By Wynne VanBuskirk
It was Friday afternoon, and my husband, Guy, our daughter Eliza, and I had just taken off from Addison Airport in our little 4-seater plane. There is always a lot to tend to when traveling, and our moods were somewhat unsettled as we were running a little later than planned. We were headed to Iowa where Eliza would be enrolled in boarding school as an incoming freshman. If everything went according to plan, we would be touching down there in about 3 hours and 15 minutes.
Eliza, who tends toward airsickness, was already groggy from her Dramamine, while I was back and forth between excitement and appreciation for her getting this opportunity and reluctance to leave my first-born child in the hands of relative strangers. Guy, an accomplished pilot, was focused on the task of getting us up to our cruising altitude, while conversing first with Addison control tower, and then the Air Traffic Controller from Fort Worth Air Route Traffic Control Center.
It soon became apparent that what Guy was saying was not being understood by the controller, as she kept asking him to repeat himself. Finally, we heard the words,” Be advised that your radio is broken.”
I felt a little butterfly in my stomach, and thought about getting nervous, but before I had a chance, Guy said to me, “We need to change headsets.”
I ripped my headset off of my head and placed it on his as he exchanged his with me.
“Ok,” I thought, “that wasn’t so bad… I guess that was an easy problem to fix.” Then he reached over to my control wheel to press the mic button.
“Is that better?” he asked?
“Affirmative, you are coming in loud and clear now.” I breathed a sigh of relief.
the plane started vibrating intensely
At an altitude of 2000 feet, Guy was wrapping things up with the controller when the engine started making a strange sound and the plane started vibrating intensely. He reached again to the mic button on my control wheel and said “We’re headed back to Addison.”
At this point, I knew that something was wrong. As a musician, my ears are finely tuned to the sound of that engine. I had never heard it sound so rough. Guy, being a pilot (which pretty much requires having nerves of steel) never let on that there was anything to be concerned about, but I knew.
“Are you declaring an emergency?” asked the air traffic controller?
There was a moment of pause before Guy answered, wherein which I can only imagine that he was trying to figure out how to declare an emergency without causing total panic in the cabin.
“Yeah, sure, we will go ahead and declare an emergency… because we will need to land with priority.”
“Affirmative,” said the air traffic controller. “We will roll the trucks for you.”
The most surreal 3.5 minutes of my life…
So, began what was probably the most surreal 3.5 minutes of my life.
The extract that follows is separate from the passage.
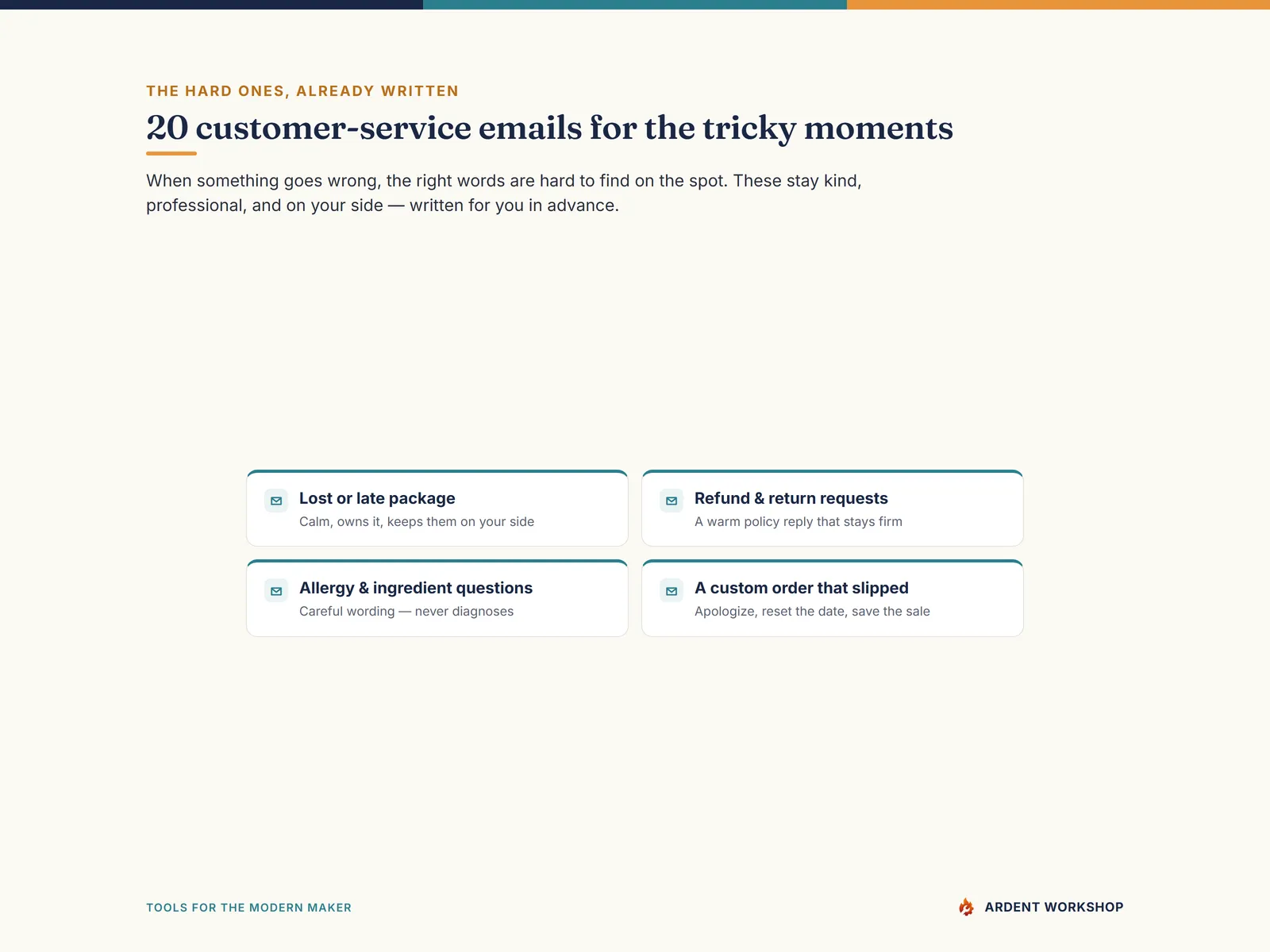 Maker's Email Template Library — 20 customer-service emails for the tricky moments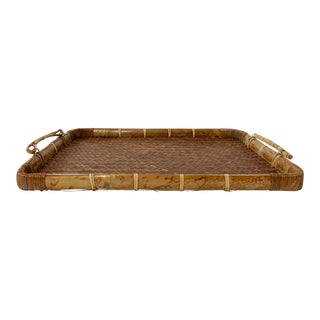 Burnt Tortoise Shell Bamboo and Wicker Handled Tray For Sale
It was so beautiful up in the air. The sun was shining brightly, the clouds were fluffy and white. Meanwhile, that engine was complaining loudly and the vibration was intense. I have the utmost confidence in my husband’s abilities as a pilot, but only a few years ago, my sister lost her husband, another very competent pilot, in a plane accident due to mechanical issues. Guy, I trust; engines and such, not so much.
“Well,” I thought silently, as I took a deep breath, “I have never been happier in my life… I have reached a point at which love permeates pretty much every aspect of my life. I have no regrets. If this is the end, then I just hope it is over quickly.” Then, I sat back and waited, in gratitude for all that I have in life.
Meanwhile, Guy was turning the plane around and doing his best to stay over golf courses, in case we did not make it back to Addison Airport. The engine continued to run rough, and the plane continued to shake.
“So…are we gonna die?” queried Eliza from the back seat.
“No, no… even if the engine stops, I can safely land the plane,” Guy answered.
I believed him…mostly.
There was not much said during the next two minutes or so. I could see Guy looking at all of the indicators, searching for clues about what was happening, and Eliza seemed quite excited that we would be making an emergency landing. Strangely calm, I sat in gratitude.
Eventually, we touched down at Addison Airport, and Guy made a beautiful landing. The firetrucks were waiting for us, as promised, but thankfully we did not need them. We taxied to the hangar, and hopped out of the plane, all of us a mix of adrenaline and befuddlement at what had just happened.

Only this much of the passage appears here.